Here is my nice newer Kelley's smoker.















I like the lid handle a lot better.








It has a grate.








I also like the hinge assembly quite well.


----------



## MethowKraig (Aug 21, 2011)

Benjamin,

Great to see a young beek. We need more!


----------



## scorpionmain (Apr 17, 2012)

1st year Beek & 1st year Smoker.
Kelley's 4x10 Smoke Cloud w/Shield


----------



## westernbeekeeper (May 2, 2012)

Thanks, Barry and scorpion. Any others out there?


----------



## Cleo C. Hogan Jr (Feb 27, 2010)

When I get back to Kentucky, end of the week,  I will send photo of my smoker (Current one is only about 15 years old.)

I also collect smokers, I will send photo of my collection. Any time I hear of a beekeeper going out of business, or passing away, I try to get his smoker. My plan is to put a data plate on them, and donate them to the Museum Of The Barrens, Glasgow Ky., sometime in the future 

Some in my collection is signed and dated. I have Oscar Sullivans, signed and dated, (Oscar was the Oscar of the Lonzo and Oscar comedy duo for 35 years on the Grand Ole Opry, Nashville) He kept bees as a hobby for 25 plus years. My grandfather kept bees for the Musselman Apple Butter Company (Bigglerville Pa.), near Gettysburg Pa., but his smoker disappeared when he passed away, and I did not get it. Should have gotten it while he was still living.

cchoganjr


----------



## theriverhawk (Jun 5, 2009)




----------



## Barry (Dec 28, 1999)

Yeah, another nice one!! :thumbsup:


----------



## westernbeekeeper (May 2, 2012)

Thanks, cchoganjr. Looking forward to it!


----------



## beemandan (Dec 5, 2005)

Funny coincidence, I think. A UGA art student was doing a photo essay for one of her classes. She asked if she could take some pics in the beeyard. No problem, says I. She did seem a bit taken with the smoker and took several photos…the second one here trying to be a bit artsy.
Anyway, this is my old Mann Lake that was recently retired.
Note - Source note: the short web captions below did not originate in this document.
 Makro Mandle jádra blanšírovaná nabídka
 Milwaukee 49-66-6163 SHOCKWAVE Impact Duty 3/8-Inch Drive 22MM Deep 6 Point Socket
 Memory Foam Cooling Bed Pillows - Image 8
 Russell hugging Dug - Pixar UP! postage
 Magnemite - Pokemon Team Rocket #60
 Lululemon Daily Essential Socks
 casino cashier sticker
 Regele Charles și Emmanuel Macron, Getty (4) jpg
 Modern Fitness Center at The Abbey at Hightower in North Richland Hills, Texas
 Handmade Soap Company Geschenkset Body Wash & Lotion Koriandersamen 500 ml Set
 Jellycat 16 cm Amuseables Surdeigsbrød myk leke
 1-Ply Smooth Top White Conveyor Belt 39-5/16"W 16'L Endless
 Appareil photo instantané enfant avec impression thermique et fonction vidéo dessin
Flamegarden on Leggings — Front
The bellows were leaky and the hinge finally broke.


----------



## WWW (Feb 6, 2011)

I did have an older one that I used for years however I gave it to my son, this is my current smoker, I have no idea who made it or how old it is.....Bill


----------



## BeeCurious (Aug 7, 2007)

My smoker, posing for a glamour shot...












The following was posted in a thread about cleaning a smoker. Here is a perfect place to share Jeffery Todd's prose once more...



> Jeffrey Todd
> 
> I love the sound of the hum of bees at work, the sight of newly-drawn white comb, the warmth of the summer sun on my hands while working, and the aroma of a well-used smoker with a steady curl of smoke drifting up and out to mingle with the fragrance of fresh nectar. Whenever my smoker is unlit, I carry it in the cab of my truck just so I can enjoy the sweet smoky smell that evokes so many fond memories and reflections on my decades of beekeeping. On cold winter days I like to have my smoker close by me as I work in the shed; instantly I am transported out to the apiary, working with the bees. When the day comes that I no longer can keep bees, I will still keep that smoker,. Uncleaned


----------



## WWW (Feb 6, 2011)

BeeCurious, thanks for sharing Jeffrey Todd's prose.....It is simply beautiful.....Bill

Nice well used smoker buy the way.


----------



## David LaFerney (Jan 14, 2009)

I actually just got a new 10" Dadant smoker which is much easier to light and keep lit - but this one has been a good teacher - and has a lot more experience.


----------



## virginiawolf (Feb 18, 2011)

Mine is a few years old now.

The little clasp that holds the top on needs an adjustment. 

The top pops off sometimes but it works well. 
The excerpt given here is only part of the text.